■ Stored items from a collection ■
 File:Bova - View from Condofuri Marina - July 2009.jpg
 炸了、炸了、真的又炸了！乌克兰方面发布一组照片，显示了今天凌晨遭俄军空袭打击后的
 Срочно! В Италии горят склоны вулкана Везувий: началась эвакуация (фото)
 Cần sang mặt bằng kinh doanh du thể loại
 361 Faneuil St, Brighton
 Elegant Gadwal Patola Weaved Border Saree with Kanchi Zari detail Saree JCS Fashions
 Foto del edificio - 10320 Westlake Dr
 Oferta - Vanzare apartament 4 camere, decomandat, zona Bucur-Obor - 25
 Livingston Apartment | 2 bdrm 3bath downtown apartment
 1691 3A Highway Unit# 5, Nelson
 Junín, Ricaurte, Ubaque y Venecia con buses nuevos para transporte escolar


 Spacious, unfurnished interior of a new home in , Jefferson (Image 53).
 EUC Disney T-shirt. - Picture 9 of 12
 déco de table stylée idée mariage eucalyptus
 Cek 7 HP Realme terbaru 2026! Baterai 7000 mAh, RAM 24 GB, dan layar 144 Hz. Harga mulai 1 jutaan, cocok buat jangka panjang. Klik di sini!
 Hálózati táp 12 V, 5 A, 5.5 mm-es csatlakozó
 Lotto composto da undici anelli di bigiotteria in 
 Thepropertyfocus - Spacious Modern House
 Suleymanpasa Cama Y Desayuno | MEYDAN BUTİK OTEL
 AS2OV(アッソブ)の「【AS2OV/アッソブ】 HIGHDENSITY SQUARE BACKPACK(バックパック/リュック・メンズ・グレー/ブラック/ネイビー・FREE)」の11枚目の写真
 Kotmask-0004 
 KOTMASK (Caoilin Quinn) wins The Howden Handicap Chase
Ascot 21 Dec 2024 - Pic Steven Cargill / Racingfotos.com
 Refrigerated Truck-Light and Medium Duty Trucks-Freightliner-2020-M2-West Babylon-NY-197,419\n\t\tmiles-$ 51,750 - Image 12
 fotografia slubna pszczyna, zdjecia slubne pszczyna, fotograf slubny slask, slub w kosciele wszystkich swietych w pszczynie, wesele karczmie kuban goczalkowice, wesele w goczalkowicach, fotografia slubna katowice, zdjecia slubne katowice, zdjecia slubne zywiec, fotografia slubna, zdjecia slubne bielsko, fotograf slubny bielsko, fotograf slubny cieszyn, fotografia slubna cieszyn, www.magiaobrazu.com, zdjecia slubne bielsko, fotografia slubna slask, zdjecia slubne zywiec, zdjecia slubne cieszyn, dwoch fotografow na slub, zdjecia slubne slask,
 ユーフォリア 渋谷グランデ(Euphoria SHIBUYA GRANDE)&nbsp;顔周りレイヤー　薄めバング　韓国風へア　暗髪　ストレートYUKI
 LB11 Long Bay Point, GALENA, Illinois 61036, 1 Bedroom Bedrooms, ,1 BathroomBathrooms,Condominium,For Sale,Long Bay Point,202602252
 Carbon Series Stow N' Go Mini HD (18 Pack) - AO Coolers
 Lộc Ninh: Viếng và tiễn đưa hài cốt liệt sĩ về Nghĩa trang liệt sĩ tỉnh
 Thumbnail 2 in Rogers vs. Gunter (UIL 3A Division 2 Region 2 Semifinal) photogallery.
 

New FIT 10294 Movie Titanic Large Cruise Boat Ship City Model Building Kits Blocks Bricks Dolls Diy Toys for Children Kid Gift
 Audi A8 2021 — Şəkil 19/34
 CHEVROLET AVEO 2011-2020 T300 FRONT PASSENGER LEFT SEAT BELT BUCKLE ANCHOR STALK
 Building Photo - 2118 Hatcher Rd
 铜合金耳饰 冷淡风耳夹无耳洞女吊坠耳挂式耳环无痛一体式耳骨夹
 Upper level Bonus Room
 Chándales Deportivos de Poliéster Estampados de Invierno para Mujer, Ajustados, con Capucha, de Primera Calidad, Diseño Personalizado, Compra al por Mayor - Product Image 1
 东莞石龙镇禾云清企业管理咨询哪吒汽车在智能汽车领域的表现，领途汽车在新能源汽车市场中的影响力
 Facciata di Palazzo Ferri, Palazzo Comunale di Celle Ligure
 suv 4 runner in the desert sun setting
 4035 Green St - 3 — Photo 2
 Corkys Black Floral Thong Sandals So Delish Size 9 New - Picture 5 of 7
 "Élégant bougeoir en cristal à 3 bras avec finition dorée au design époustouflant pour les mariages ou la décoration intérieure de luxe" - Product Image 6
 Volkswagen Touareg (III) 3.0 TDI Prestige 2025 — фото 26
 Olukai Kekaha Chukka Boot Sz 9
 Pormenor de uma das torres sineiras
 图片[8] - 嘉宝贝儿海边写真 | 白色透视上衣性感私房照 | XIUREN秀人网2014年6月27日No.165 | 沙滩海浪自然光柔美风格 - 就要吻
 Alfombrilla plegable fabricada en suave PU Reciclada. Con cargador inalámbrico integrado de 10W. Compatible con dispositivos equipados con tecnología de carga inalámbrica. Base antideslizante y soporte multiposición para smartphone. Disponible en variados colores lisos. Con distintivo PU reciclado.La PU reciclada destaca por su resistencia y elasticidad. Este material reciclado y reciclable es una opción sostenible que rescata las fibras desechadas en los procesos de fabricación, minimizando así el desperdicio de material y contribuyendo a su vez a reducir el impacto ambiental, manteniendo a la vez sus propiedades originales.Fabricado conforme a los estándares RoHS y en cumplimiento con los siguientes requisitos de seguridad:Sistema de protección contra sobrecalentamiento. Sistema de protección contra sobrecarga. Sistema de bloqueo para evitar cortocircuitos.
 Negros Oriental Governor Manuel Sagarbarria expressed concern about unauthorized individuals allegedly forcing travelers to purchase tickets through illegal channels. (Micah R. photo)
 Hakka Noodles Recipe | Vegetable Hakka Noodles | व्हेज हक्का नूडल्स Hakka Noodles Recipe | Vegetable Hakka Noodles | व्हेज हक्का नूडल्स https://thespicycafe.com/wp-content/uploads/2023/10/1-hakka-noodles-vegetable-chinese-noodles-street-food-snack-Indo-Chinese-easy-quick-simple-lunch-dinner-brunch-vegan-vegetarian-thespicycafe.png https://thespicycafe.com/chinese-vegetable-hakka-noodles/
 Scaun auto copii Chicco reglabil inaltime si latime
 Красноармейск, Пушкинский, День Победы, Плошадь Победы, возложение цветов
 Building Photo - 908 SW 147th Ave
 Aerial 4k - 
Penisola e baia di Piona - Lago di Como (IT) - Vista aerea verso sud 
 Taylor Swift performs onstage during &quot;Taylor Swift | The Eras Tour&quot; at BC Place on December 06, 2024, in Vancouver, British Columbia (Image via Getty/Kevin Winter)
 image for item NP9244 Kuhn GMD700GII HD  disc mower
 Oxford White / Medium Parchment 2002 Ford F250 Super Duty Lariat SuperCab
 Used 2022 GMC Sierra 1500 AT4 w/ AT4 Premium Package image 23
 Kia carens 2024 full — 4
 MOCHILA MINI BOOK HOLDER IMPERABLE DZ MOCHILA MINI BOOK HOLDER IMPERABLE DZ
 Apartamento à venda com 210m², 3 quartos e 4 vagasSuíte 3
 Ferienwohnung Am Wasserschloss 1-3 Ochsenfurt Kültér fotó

■ Task instructions ■
Using the data above, extract exactly the lines from the one that holds "AS2OV(アッソブ)の「【AS2OV/アッソブ】 HIGHDENSITY SQUARE" to the one that holds "Product Image 6", both ends included, and no others.

■ Written response ■
 AS2OV(アッソブ)の「【AS2OV/アッソブ】 HIGHDENSITY SQUARE BACKPACK(バックパック/リュック・メンズ・グレー/ブラック/ネイビー・FREE)」の11枚目の写真
 Kotmask-0004 
 KOTMASK (Caoilin Quinn) wins The Howden Handicap Chase
Ascot 21 Dec 2024 - Pic Steven Cargill / Racingfotos.com
 Refrigerated Truck-Light and Medium Duty Trucks-Freightliner-2020-M2-West Babylon-NY-197,419\n\t\tmiles-$ 51,750 - Image 12
 fotografia slubna pszczyna, zdjecia slubne pszczyna, fotograf slubny slask, slub w kosciele wszystkich swietych w pszczynie, wesele karczmie kuban goczalkowice, wesele w goczalkowicach, fotografia slubna katowice, zdjecia slubne katowice, zdjecia slubne zywiec, fotografia slubna, zdjecia slubne bielsko, fotograf slubny bielsko, fotograf slubny cieszyn, fotografia slubna cieszyn, www.magiaobrazu.com, zdjecia slubne bielsko, fotografia slubna slask, zdjecia slubne zywiec, zdjecia slubne cieszyn, dwoch fotografow na slub, zdjecia slubne slask,
 ユーフォリア 渋谷グランデ(Euphoria SHIBUYA GRANDE)&nbsp;顔周りレイヤー　薄めバング　韓国風へア　暗髪　ストレートYUKI
 LB11 Long Bay Point, GALENA, Illinois 61036, 1 Bedroom Bedrooms, ,1 BathroomBathrooms,Condominium,For Sale,Long Bay Point,202602252
 Carbon Series Stow N' Go Mini HD (18 Pack) - AO Coolers
 Lộc Ninh: Viếng và tiễn đưa hài cốt liệt sĩ về Nghĩa trang liệt sĩ tỉnh
 Thumbnail 2 in Rogers vs. Gunter (UIL 3A Division 2 Region 2 Semifinal) photogallery.
 

New FIT 10294 Movie Titanic Large Cruise Boat Ship City Model Building Kits Blocks Bricks Dolls Diy Toys for Children Kid Gift
 Audi A8 2021 — Şəkil 19/34
 CHEVROLET AVEO 2011-2020 T300 FRONT PASSENGER LEFT SEAT BELT BUCKLE ANCHOR STALK
 Building Photo - 2118 Hatcher Rd
 铜合金耳饰 冷淡风耳夹无耳洞女吊坠耳挂式耳环无痛一体式耳骨夹
 Upper level Bonus Room
 Chándales Deportivos de Poliéster Estampados de Invierno para Mujer, Ajustados, con Capucha, de Primera Calidad, Diseño Personalizado, Compra al por Mayor - Product Image 1
 东莞石龙镇禾云清企业管理咨询哪吒汽车在智能汽车领域的表现，领途汽车在新能源汽车市场中的影响力
 Facciata di Palazzo Ferri, Palazzo Comunale di Celle Ligure
 suv 4 runner in the desert sun setting
 4035 Green St - 3 — Photo 2
 Corkys Black Floral Thong Sandals So Delish Size 9 New - Picture 5 of 7
 "Élégant bougeoir en cristal à 3 bras avec finition dorée au design époustouflant pour les mariages ou la décoration intérieure de luxe" - Product Image 6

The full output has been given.